I am an office volunteer. Most Thursdays you can find me in the office doing whatever our office manager, Zelda, has for me. About 6 months ago Zelda asked me to organize the keys in the key box. The key box is located on the back wall of the office. Inside were 27 hooks. On each hook hung from two to ten keys. The keys were labeled, after a fashion. The labels were of every description, from plastic to masking tape, many shapes and colours – some unreadable, some mislabeled. There was a chart that told what each key was, on each numbered hook. Except that they did not match. I had my work cut out for me.

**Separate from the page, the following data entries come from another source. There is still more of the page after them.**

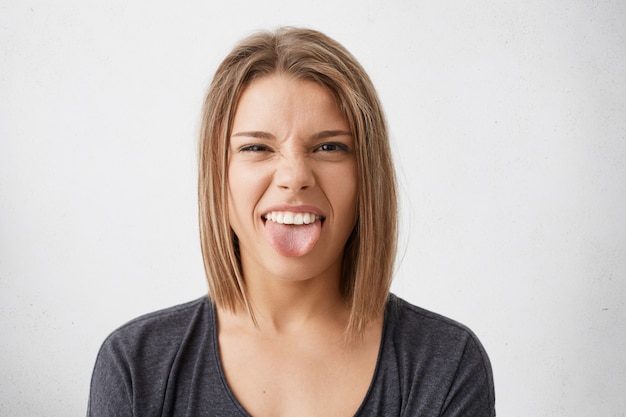 Free Photo Disgusted Pretty Girl Sticking Out Tongue Expressing Her 2724
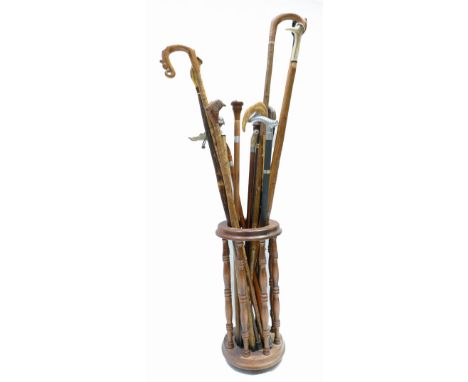 A collection of walking sticks including carved handles, animals, dogs, horn handles and circular wood stick stand (16)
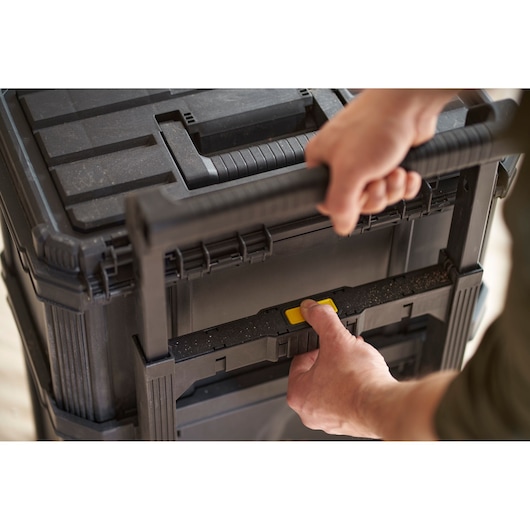 STANLEY STST60500 storage box with black handle, close-up of hands pressing yellow button on handle.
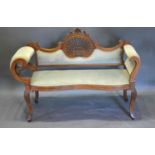 An Edwardian Mahogany Line Inlaid Drawing Room Sofa, the shaped pierced and upholstered back above a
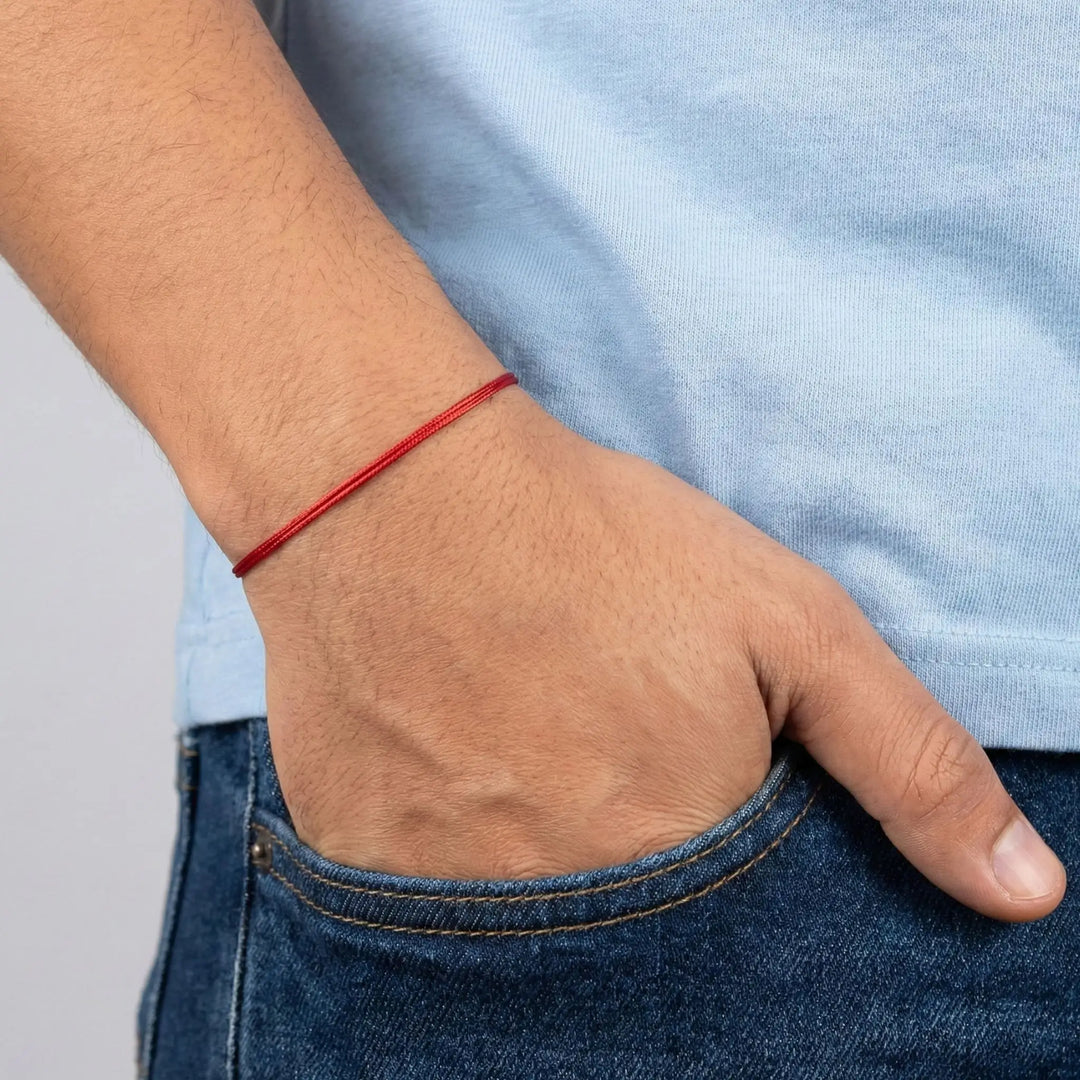 Hand with a red bracelet on a plain background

Over the next six months I worked on those keys. I visited the three levels of our shul trying keys in locks. I discovered the locked compost and hydro meters outside the rear of the shul. A key labeled storage room cupboard didn’t actually unlock anything, it was the handle to open the cupboard door. I discovered why there were 100 keys that did not work in any lock in the building: whenever anyone changed a lock or door knob, they had six copies of the new key made. Then they hung all those new keys on top of the old ones. The more the merrier. There was a key for something ancient (no one had ever seen a key in that shape). A paper towel dispenser had an upper and a lower door with key holes but the key holes were different. And one key was missing. A key labeled paper towel dispenser was from an earlier dispenser. The new dispenser was not locked. At this point nothing surprised me.
In honour of this project Zelda bought new key ring labels, all the same shape, in pastel colours. Now this key box is a thing of joy. Easy to identify and find a key, maximum two keys on a hook, numbers match keys on the chart. After months hunched over piles of keys, or roaming our historic building, I have a new appreciation for the inner workings of keys and locks. I can finally say the key box is in order. And heaven help anyone if they return a key to the wrong hook!
Now Zelda wants me to make a second full set of keys to be stored away. That should only take me three hours. Price’s Alarms, here I come.